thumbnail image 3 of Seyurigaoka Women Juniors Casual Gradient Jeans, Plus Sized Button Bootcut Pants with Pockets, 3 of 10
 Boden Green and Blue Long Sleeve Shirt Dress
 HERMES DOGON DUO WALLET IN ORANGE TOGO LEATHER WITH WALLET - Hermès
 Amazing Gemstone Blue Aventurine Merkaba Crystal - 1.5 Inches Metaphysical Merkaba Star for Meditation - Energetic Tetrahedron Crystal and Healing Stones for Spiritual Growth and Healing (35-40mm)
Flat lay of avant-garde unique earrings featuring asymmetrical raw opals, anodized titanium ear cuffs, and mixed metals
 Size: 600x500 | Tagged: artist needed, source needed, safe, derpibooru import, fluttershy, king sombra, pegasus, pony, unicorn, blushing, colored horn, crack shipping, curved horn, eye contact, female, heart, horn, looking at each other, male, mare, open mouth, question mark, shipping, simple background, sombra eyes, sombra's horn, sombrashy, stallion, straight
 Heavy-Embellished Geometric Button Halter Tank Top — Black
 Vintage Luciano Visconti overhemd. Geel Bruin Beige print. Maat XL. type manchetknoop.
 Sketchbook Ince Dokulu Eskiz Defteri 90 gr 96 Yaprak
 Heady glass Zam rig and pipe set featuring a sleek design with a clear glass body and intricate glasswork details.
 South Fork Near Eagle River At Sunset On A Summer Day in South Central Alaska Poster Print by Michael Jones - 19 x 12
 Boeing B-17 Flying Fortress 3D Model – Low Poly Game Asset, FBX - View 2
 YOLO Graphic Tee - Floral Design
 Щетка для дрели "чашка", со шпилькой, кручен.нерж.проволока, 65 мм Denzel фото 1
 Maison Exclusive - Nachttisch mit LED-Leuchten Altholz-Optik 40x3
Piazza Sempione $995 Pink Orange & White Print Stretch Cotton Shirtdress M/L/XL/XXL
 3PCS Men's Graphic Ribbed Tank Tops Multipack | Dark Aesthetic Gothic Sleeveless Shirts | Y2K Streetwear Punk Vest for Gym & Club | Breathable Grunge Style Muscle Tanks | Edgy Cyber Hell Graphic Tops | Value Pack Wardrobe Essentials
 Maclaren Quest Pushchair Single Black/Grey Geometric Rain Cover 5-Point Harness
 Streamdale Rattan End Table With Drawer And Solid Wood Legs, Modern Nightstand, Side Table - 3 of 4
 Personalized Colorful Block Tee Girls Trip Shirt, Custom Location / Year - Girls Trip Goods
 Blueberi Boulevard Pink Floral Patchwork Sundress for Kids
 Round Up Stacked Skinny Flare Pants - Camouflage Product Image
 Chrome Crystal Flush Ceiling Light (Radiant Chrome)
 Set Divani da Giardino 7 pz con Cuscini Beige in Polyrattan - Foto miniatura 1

**EXERCISE GOAL**
From the line holding "Chrome Crystal Flush" to the final line of the data, output each line exactly and nothing more.

**PROBLEM SOLUTION**
 Chrome Crystal Flush Ceiling Light (Radiant Chrome)
 Set Divani da Giardino 7 pz con Cuscini Beige in Polyrattan - Foto miniatura 1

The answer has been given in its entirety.